Dans un monde où la finance évolue au croisement du génie humain et des puissances numériques, la trajectoire de Hasnae Taleb rappelle qu’une intelligence affranchie des conventions peut, en silence, refonder la donne mondiale.
Sportivité et intellectualité... Docteur Samia Naji

Docteur Samia Naji, originaire de Khénifra et établie à Tanger, a obtenu un doctorat en droit public, se spécialisant en relations internationales et sciences politiques. Sa thèse, intitulée «L'impact de la diplomatie marocaine en Afrique sur l'intégrité territoriale», a été distinguée par une mention très honorable et a reçu une recommandation pour publication à l'Université Abdelmalek Essaâdi de Tétouan.
La thèse portait sur l’impact de la diplomatie marocaine en Afrique sur l’intégrité territoriale, tout en explorant les liens historiques et l’unité du destin qui unissent le Royaume à l'Afrique. L’étude ne s’est pas limitée à l’aspect purement politique, mais a également évoqué la force des relations spirituelles, culturelles et commerciales, soulignant que la réintégration du Maroc au sein de l’Union africaine le 30 janvier 2017, n’est pas seulement un choix stratégique transitoire, mais l’incarnation d’un engagement royal ferme à servir et développer les enjeux du continent conformément à l’approche de coopération Sud-Sud.
Docteur Samia avait aussi obtenu un master en politique étrangère et relations diplomatiques, avec un mémoire axé sur la dynamique de la diplomatie royale marocaine en Afrique, et a reçu la mention bien à la Faculté des sciences juridiques, économiques et sociales de Tanger.
Elle détient également une licence en droit public, et ses recherches ont porté sur la personnalité juridique des organisations internationales à la Faculté des sciences juridiques, économiques et sociales de Tanger. Le docteur Samia Al-Naji est reconnue pour sa spécialisation dans les causes nationales marocaines, et elle est considérée comme l'une des jeunes talents se démarquant dans l'analyse de la politique étrangère marocaine vis-à-vis de l'Afrique.
En plus de son parcours académique, elle est championne internationale en arts martiaux, notamment dans le sport du "Budo Kai Do".

Samia Naji a représenté le Maroc lors de nombreux championnats et compétitions internationaux, obtenant des classements élevés à l'échelle mondiale, et a également suivi des formations spéciales en self-défense en France, en Belgique et en Espagne.
Diplomatie non gouvernementale
Dr.
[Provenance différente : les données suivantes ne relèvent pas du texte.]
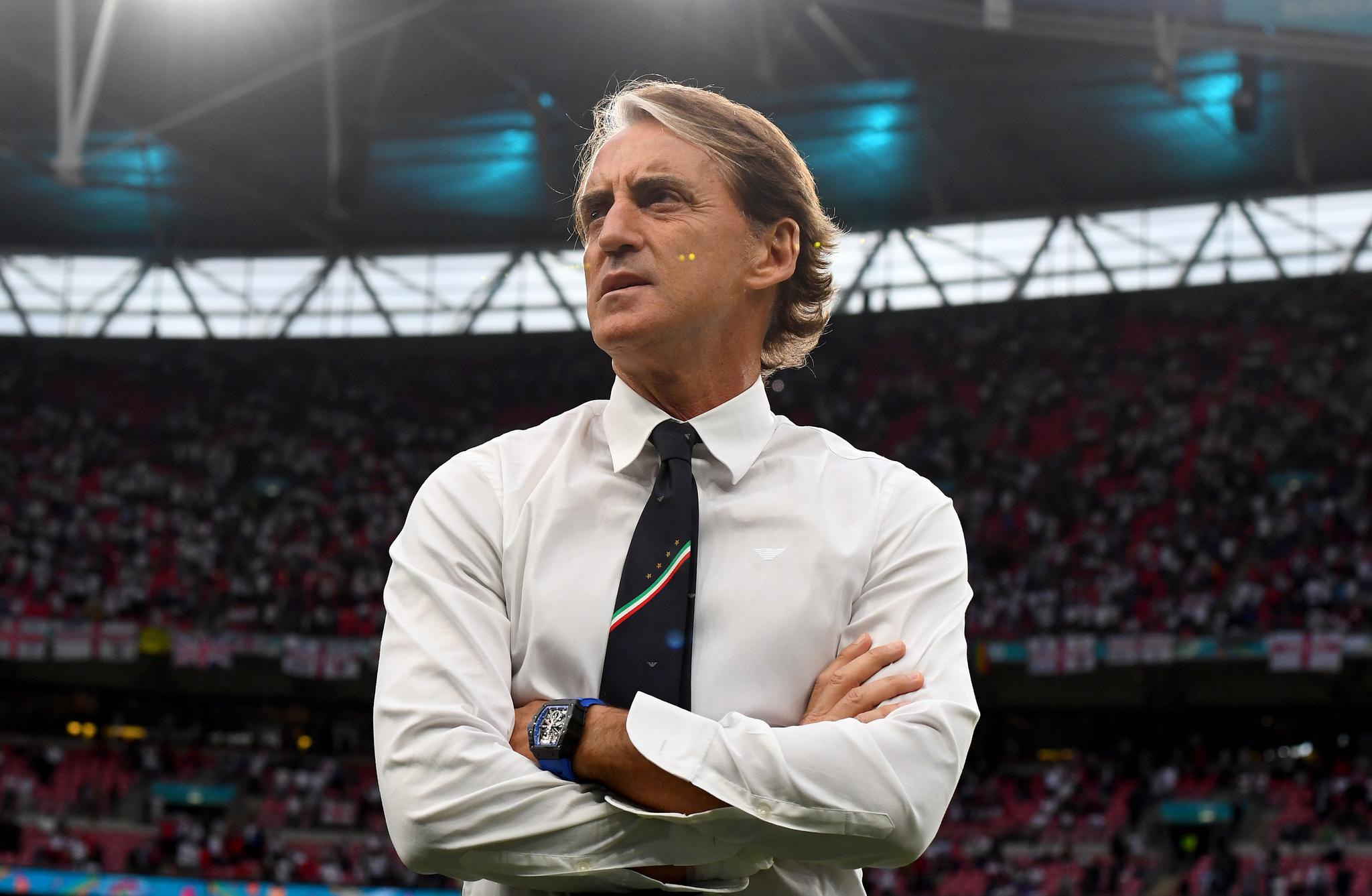 曼奇尼3年改造意大利足球dna冠军闪耀理想主义光芒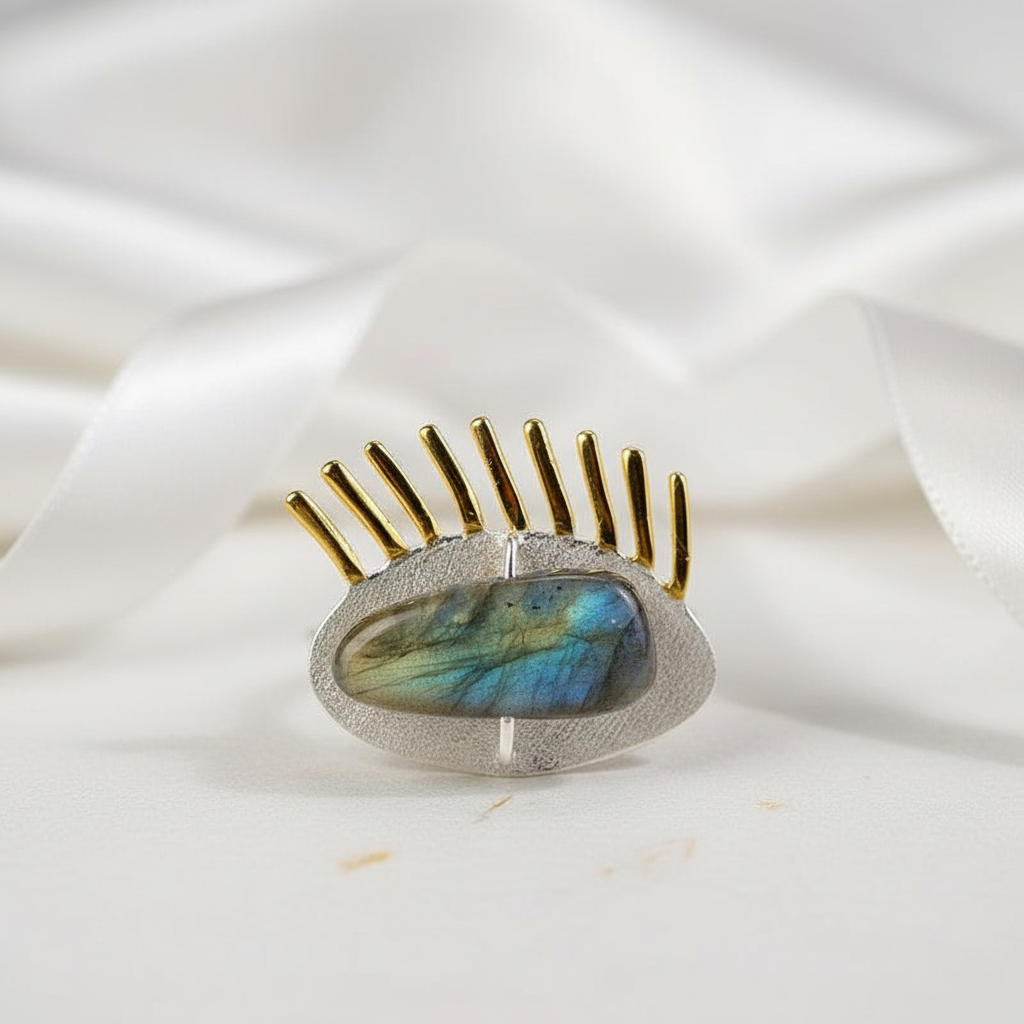 Golden Eyelashes Ring-Black Diamonds New York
Samia Naji a aussi pris part à la délégation diplomatique marocaine lors du Forum mondial au Népal, où elle a fait une présentation sur l'intégration et la migration des femmes en Europe, tout en abordant la question de l'intégrité territoriale.

Elle a déjà exercé en tant que jeune ministre dans le gouvernement parallèle de la jeunesse, où elle a représenté le ministère de la Famille et de la Solidarité. Elle est aussi membre du bureau exécutif du Pôle marocain des études stratégiques.
Elle est professeur invitée en relations internationales à la Faculté des sciences juridiques, économiques et sociales de Tanger et a publié de nombreux articles et contributions scientifiques dans le domaine des relations internationales et des affaires diplomatiques.